Today, we all think we know about vitamins — we buy products for the vitamins they contain, after all, and we feed vitamins to our kids. But in reality, most of us know nothing about vitamins. And we certainly don’t recognize how these 13 invisible chemicals affect nearly every decision we make about food. 

In Vitamania, award-winning journalist Catherine Price takes readers on a lively journey through the past, present and future of these mysterious micronutrients —  an adventure that includes poison squads and political maneuvering, irradiated sheep grease and smuggled rats. Part history, part science, part personal exploration, Price's witty and engaging book reveals how vitamins have profoundly shaped our attitudes toward eating, and investigates the emerging science of how what we eat might affect our offspring for generations to come. 


Additional Praise for Vitamania:

"I get sent a lot of books about food. I usually don't write about them. Upon opening Vitamania I was pleased to find myself wanting to keep reading. It's measured, funny and fascinating. The only thing that Catherine Price is selling here is good reporting, engaging storytelling, and more than you thought you could possibly learn about vitamins. If you need vitamins to survive (you do), you should read this book."

Scientific American

"[A] hidden, many-faceted, and urgent story... a commanding, meticulously documented, and riling exposé rich in dramatic and absurd science and advertising history, lively profiles, and intrepid, eyebrow-raising fieldwork" 

Booklist (STARRED)

"This lively investigational work from journalist Price reveals how little we know about vitamins — both how much we need or how they work — and how our vitamin obsession is actually making us less healthy."

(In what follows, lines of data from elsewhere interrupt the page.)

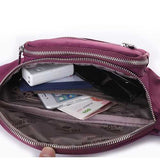 Women Nylon Waterproof Large Capacity Outdoor Sport  Waist Bag Crossbody Bag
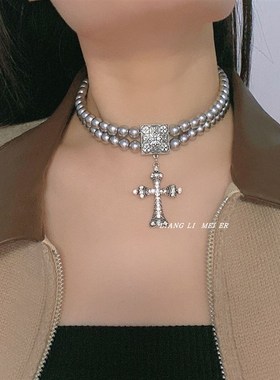 双层灰色珍珠项链男女潮镶钻十字架复古珍珠链情侣小众女锁骨链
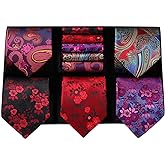 HISDERN Mens Ties Set 5PCS Collection Tie with Pocket Sqaure Formal Business Necktie Present Box Neckties Set for Men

Publishers Weekly (STARRED)

"[A] deeply satisfying masterpiece of nutrition science writing."

Network Health Dietitians Magazine

"Catherine Price gives us a journalist's entertaining romp through the fascinating history of the discovery of vitamins, and their use and marketing as objects of health obsession. Faith in vitamins, she advises, should be tempered by scientific uncertainty and dietary complexity, and the understanding that foods are better sources than pills."

Marion Nestle, Professor of Nutrition, Food Studies and Public Health at New York University and author of What to Eat.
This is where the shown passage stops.